Did you expect him to win? I didn’t.

First of all, Harvick had never gone to victory lane at Texas. So there’s that.

But who would have legitimately picked Harvick to win at a 1.5-mile track when those races have been completely dominated by Martin Truex Jr. lately? It’s not like Harvick or his Stewart-Haas Racing teammates had a bunch of wins since moving to Ford, either; the only victories for SHR this season had been Harvick’s road course win at Sonoma and Kurt Busch’s restrictor-plate win in the Daytona 500.

So when Harvick tracked down Truex and passed him like it was nothing? Wow! That was both a show of power and an unexpected outcome — although crew chief Rodney Childers noted the team has been bringing more speed over the last month.

“I feel like we should have won more races this year,” Childers said. “It’s disappointing. I don’t like to lose. It’s been a hard year. So to finally get one back into victory lane, to feel like we have something we can race with the last four or five weeks, (that) has been impressive to me.”

Maybe everyone wasn’t paying enough attention as the No. 4 team crept back toward winning again. Guilty as charged here.

But either way, Harvick and Childers have served notice they’re back and are capable of winning another title.

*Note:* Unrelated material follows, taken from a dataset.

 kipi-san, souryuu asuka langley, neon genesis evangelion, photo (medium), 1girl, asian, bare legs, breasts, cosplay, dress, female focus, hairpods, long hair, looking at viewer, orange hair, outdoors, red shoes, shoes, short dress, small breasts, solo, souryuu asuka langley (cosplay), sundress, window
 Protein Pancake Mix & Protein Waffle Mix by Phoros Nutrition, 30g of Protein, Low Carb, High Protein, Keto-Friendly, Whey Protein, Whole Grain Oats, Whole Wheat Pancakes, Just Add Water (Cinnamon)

After all, you never want to let the hard-nosed Harvick get a whiff of potential victory if you’re one of his competitors.

2. Truex vulnerable?

Almost immediately after the race, Martin Truex Jr. — unprompted — tried to get in front of the potential storyline that his team had somehow lost momentum by finally failing to win a 1.5-mile track race.

“People are going to say, ‘Well, I think the balance of power (has shifted)’ and ‘Did Harvick steal our confidence by beating us at the end?'” he said. “All that Voodoo stuff I’m sure will be brought up.

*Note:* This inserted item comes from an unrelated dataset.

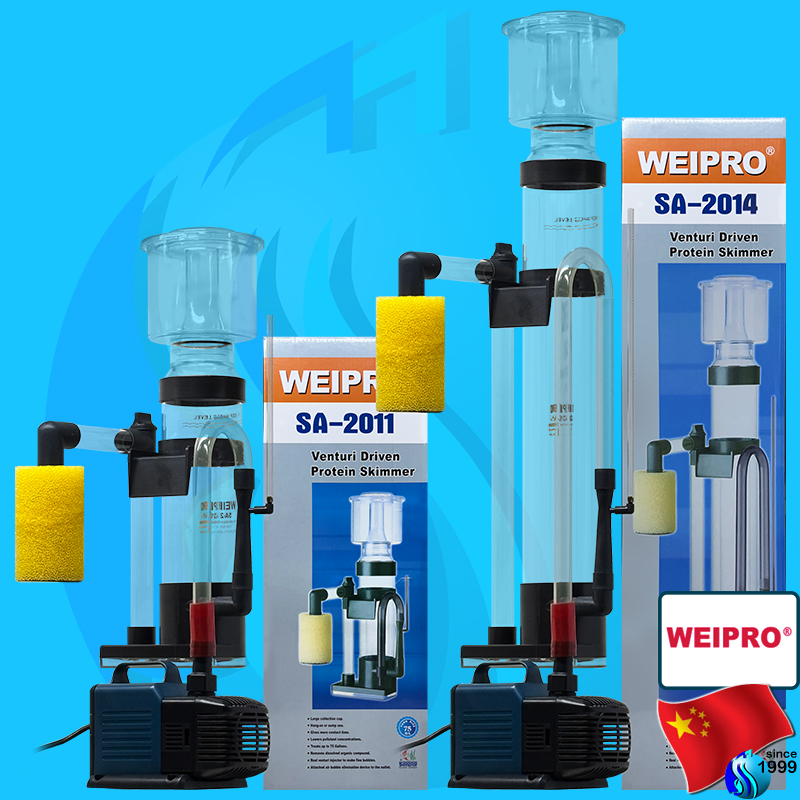 Weipro Protein Skimmer SA-2011 / SA-2014 โปรตีนสคิมเมอร์ สำหรับตู้ขนาด 300 / 600 ลิตร พร้อมปั๊ม เครื่องกรองเมือก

“The bottom line is our last run we weren’t as good as we needed to be. We got beat, but we still did what we needed to do. … To think we came up eight laps short…is pretty good.”

It’s true Truex has been dominant on 1.5-milers (he’d won four in a row and six overall this season), but his playoffs have been a bit odd compared to the regular season. Where Truex won 18 stages in 26 regular-season races, he’s won just one stage in the eight playoff races.

That’s a bit misleading considering he has three wins in the playoffs, but it still could be a sign the team isn’t unloading as fast off the truck as it was earlier in the year.

Yes, Truex will still be the favorite going into Homestead no matter what. But Harvick tracking him down and passing him late in a playoff race on a 1.5-miler shows the 78 team is certainly beatable in the right circumstances.

3. Last One In

In theory, there are five drivers fighting for one spot at Phoenix. Personally, I think it’s more like two.

Brad Keselowski currently holds the final playoff spot by 19 points over Denny Hamlin. I think the race will come down to those two.

Sure, Ryan Blaney is within range — he’s only 22 points behind Keselowski. But although the Wood Brothers Racing driver has two top-10s in three Phoenix starts, I don’t see him outrunning the other two drivers by enough points to make it.

Then there’s Jimmie Johnson and Chase Elliott, but it’s hard to imagine either of them winning outright — which will be a must next week.

So the battle is likely between Keselowski and Hamlin. And even though he’s behind, I’ll give the edge to Hamlin.

Here’s why: If you recall, Toyota drivers dominated the two New Hampshire races this summer — those drivers led 589 of 601 laps at NHMS this year — and that track is a 1-mile flat oval that is the most similar to Phoenix.

With stage points playing such a factor in the standings these days, I can envision Hamlin running in the top three and chipping away at Keselowski’s lead before the halfway point — then outrunning him in better equipment at the finish.

Nothing against Keselowski, but it just seems like the better bet is the team that has consistently shown more speed.

4. The Levy Was Dry

Barring a Johnson or Elliott victory at Phoenix, Chevrolet is headed toward being shut out from Homestead for the first time in the existence of the new format.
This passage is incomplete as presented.